I am a team leader of a team of six women. One of them has been working for twenty years in the firm and is used to saying whatever she wants. In the past five years the company has been introducing the lean method in order to measure and improve the ways we work.
Now that her job is measured, her under performance is not longer invisible. It also appears that she rarely has the job completed by the set deadline. When I confronted her with these findings, she explained that she always feels that she has too much work on her plate which I feel isn't true. When other team members replace her, they manage to do all her job and have some time left. So in fact she is really under performing. When confronting her with this again and asking how this could be solved, she always finds reasons to explain that she is not under performing and that everyone is happy about the tasks she is doing. She claims that we need an extra person in the group.
When she had to write her end evaluation, she only mentions the things that she did well.
So on one hand she is under performing, on the other hand she can't evaluate herself objectively.
In addition to this, she is always arguing about anything. She can never accept anything and will always go the opposite direction.
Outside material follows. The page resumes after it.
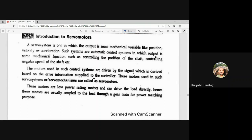The motors used in such servo systems or servo mechanisms are called servo motors. They are used for servo systems like controlling the position of the shaft or angular speed, wherever mechanical output is involved. These motors are low power rating motors and can drive the load directly. Hence, these motors are usually coupled to the load through a gear train for power matching purposes.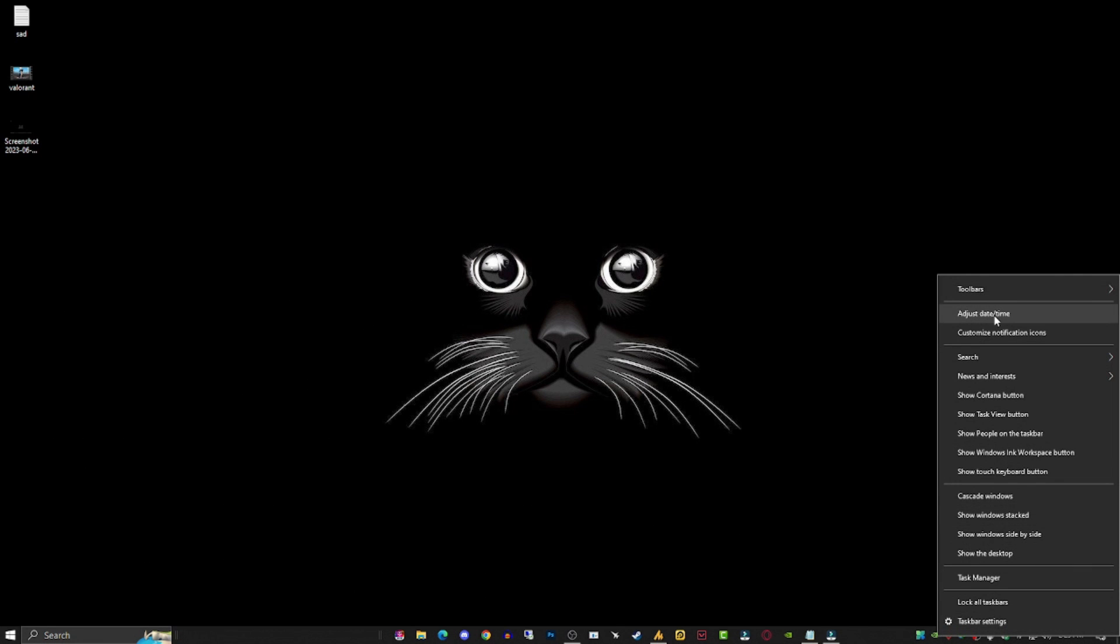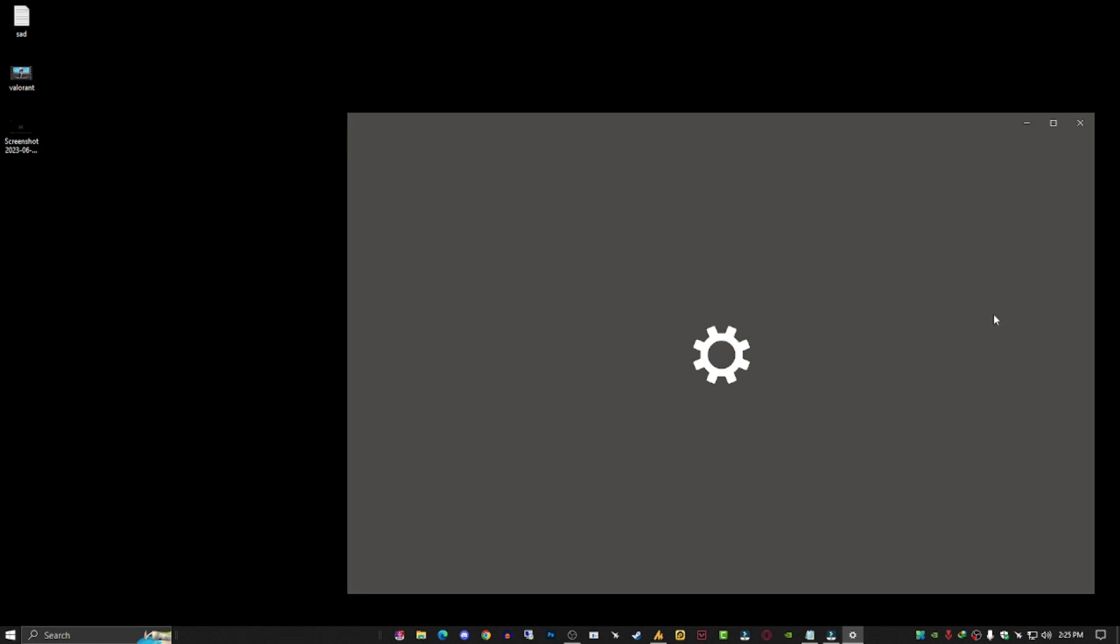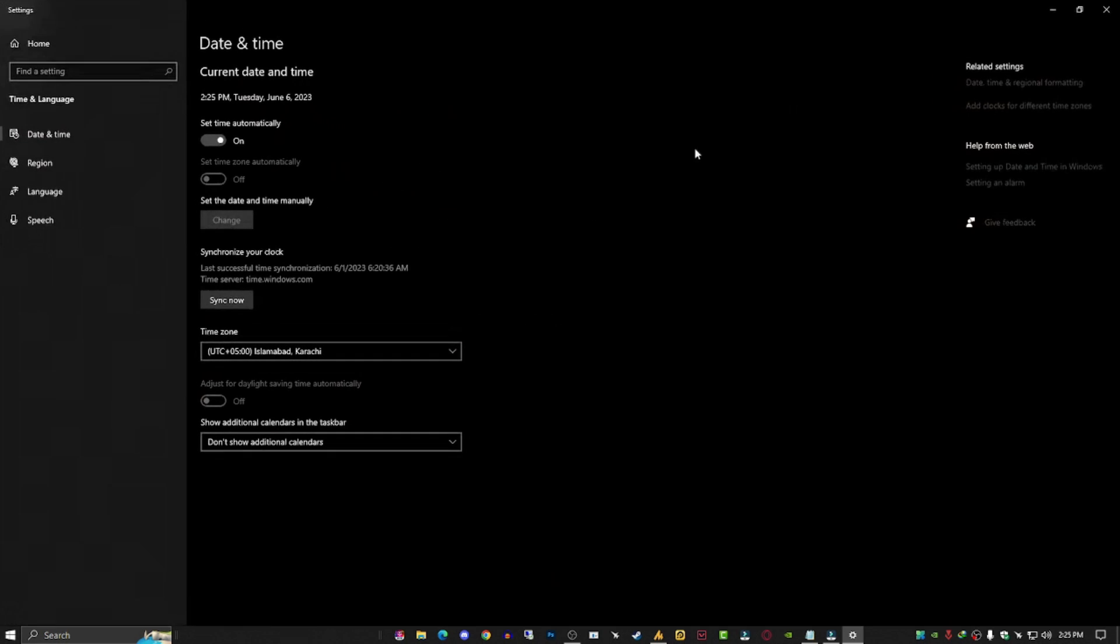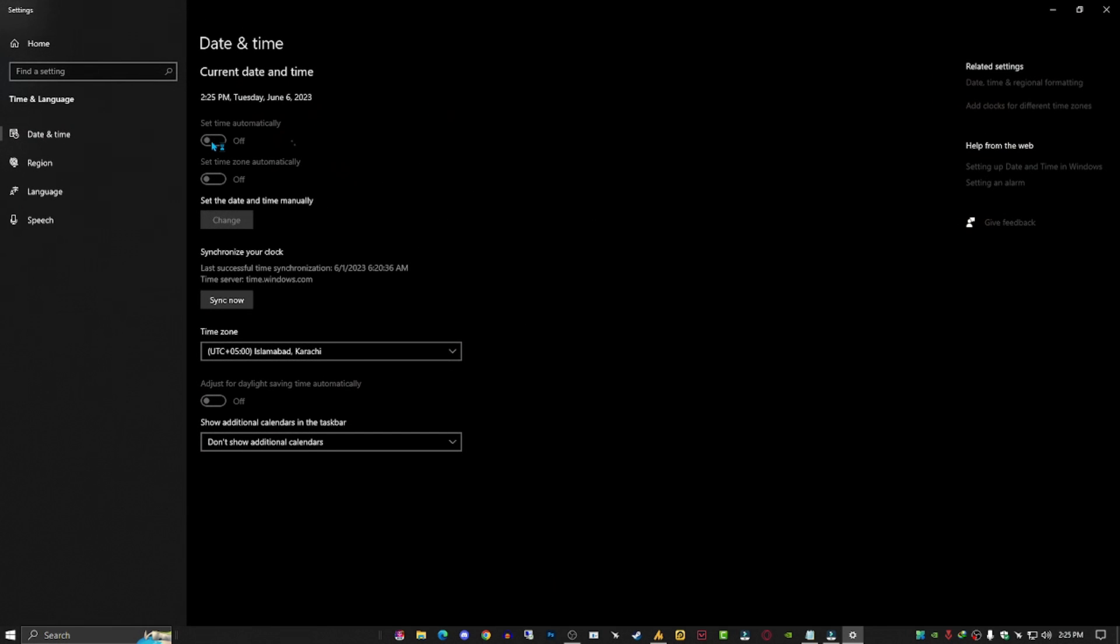Fourth, online games require users to set the date and time on their device correctly, so ensure that the date and time are set correctly.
She can also give her unsalted opinion on the way I conduct a situation or issue. She is always challenging me, which is really tiring, especially when I don't expect it to happen. She doesn't know her place.
As she feels that this situation has to change, and that I will no longer accept all of this, she has started to gain the sympathy of the colleagues on a very refined way. She made the colleagues believe that she is the victim, and that I don't like her, etc'. So although her colleagues know that she is under performing, I feel that they are treating her as a victim.
How do I handle this without losing the energy and trust of other team members?